What is needed — Reproduce the line that contains "Maison à louer, 78m², Alençon" and every line after it through the end of the records, exactly, with nothing added.
____ Records shown
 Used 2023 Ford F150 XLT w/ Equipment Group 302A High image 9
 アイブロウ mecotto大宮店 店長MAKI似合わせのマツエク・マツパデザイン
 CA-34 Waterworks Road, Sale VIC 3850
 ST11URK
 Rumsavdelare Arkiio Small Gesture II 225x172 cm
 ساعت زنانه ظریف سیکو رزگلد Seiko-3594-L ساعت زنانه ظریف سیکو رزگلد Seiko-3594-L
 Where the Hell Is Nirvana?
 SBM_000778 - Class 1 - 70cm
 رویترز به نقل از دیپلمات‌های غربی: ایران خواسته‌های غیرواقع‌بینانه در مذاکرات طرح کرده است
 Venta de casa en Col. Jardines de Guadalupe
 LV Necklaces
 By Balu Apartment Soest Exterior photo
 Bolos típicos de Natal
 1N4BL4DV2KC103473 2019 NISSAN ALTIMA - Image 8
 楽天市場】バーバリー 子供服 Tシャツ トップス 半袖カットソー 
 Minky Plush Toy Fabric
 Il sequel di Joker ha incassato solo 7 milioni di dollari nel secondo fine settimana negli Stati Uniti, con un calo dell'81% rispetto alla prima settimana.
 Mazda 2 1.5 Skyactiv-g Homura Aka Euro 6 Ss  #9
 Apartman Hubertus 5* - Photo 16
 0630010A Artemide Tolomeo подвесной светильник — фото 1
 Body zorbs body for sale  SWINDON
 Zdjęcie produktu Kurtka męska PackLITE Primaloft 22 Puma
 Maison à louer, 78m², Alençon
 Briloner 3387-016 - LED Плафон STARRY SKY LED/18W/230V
________
Answer —
 Maison à louer, 78m², Alençon
 Briloner 3387-016 - LED Плафон STARRY SKY LED/18W/230V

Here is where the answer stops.